Para mí fue ese el verdadero punto de inflexión que se consolidó el año pasado con lo que vivimos en agosto y lo que ya estamos viviendo en el mes de julio. Son las olas de calor los verdaderos motores de estos incendios extremos y no las sequías como lo eran antes".
¿Qué ha fallado en la prevención?
"El concepto 'prevención' en el mundo de los incendios es un tema muy complejo que debe abordar muchas capas; las sociales, las de gestión del territorio, planes comarcales y municipales, el concepto de autoprotección en nuestra sociedad, etc... Esto no se puede abordar de un año para otro; esto es una forma de entender el riesgo, que genere una cultura a todos los niveles, sociales y políticos, que priorice la prevención en todas sus dimensiones como he dicho anteriormente, y esto necesita tiempo y un cambio cultural frente los riesgos a los que nos enfrentamos como sociedad. Lo de la limpieza del monte es un concepto muy muy simple para un problema estructural sumamente complejo".

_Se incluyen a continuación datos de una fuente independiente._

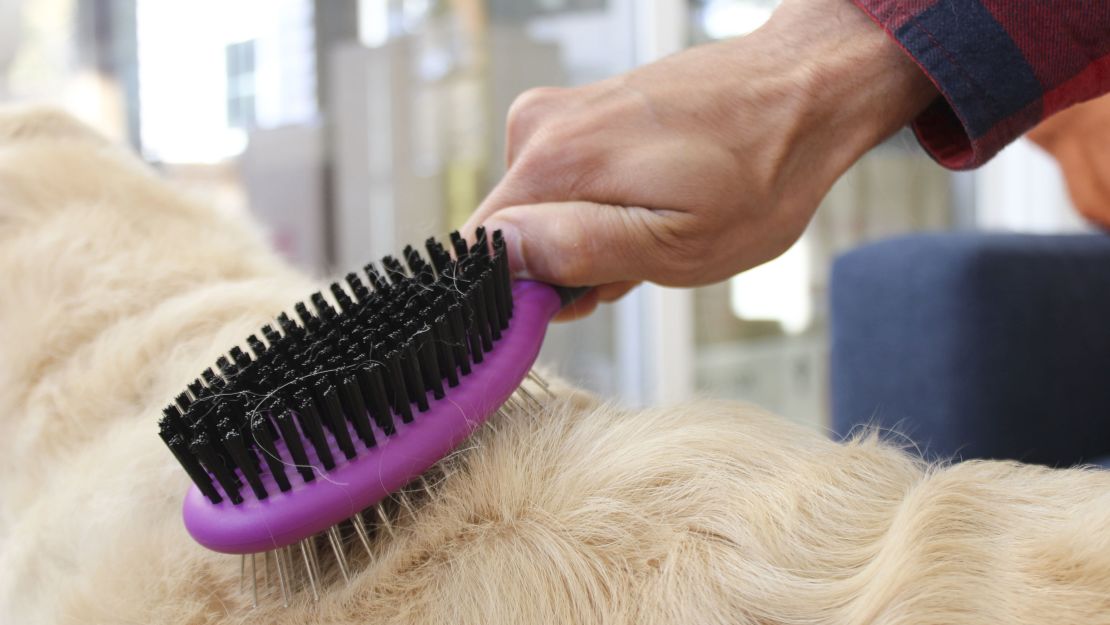 A dog being brushed.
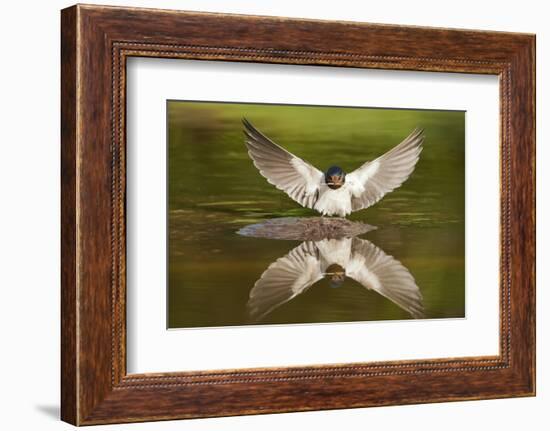 Barn Swallow (Hirundo Rustica) Alighting at Pond, Collecting Material for Nest Building, UK-Mark Hamblin-Framed Photographic Print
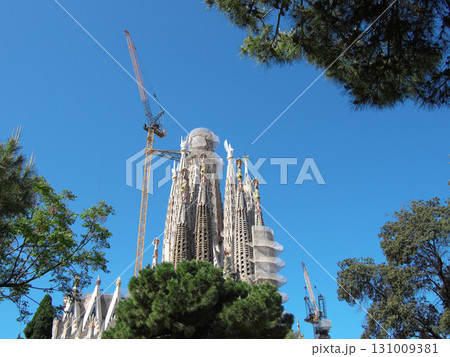 スペイン　バルセロナ　サグラダ・ファミリア　生誕のファサード　5月の早朝 131009381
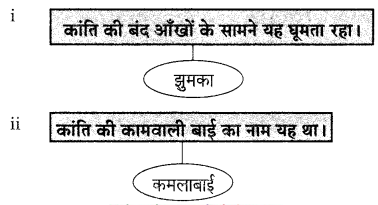 Maharashtra-Board-Class-9-Hindi-Lokvani-Solutions-Chapter-2-झुमका-4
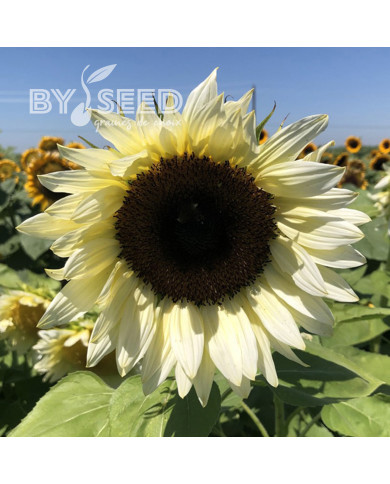 Tournesol Pro-Cut® F1 White Nite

¿Qué previsiones haces para lo que queda de verano?
"Cuanto más nos adentramos en el verano, irá empeorando, ya que se irá sumando más carga de combustible a la ecuación, aunque ya parece que todo esté disponible por los comportamientos observados en muchos sitios, porque mientras no llueva, el combustible irá empeorando su condición.
Lo único que nos queda es observar el viento, las tormentas secas que nos multipliquen el número de igniciones en un momento temporal muy corto y que haga que los sistemas de emergencias se vean sobrepasados. Estos dos parámetros son los que determinarán verdaderamente cómo acabará la campaña. Todavía quedan dos meses por delante duros".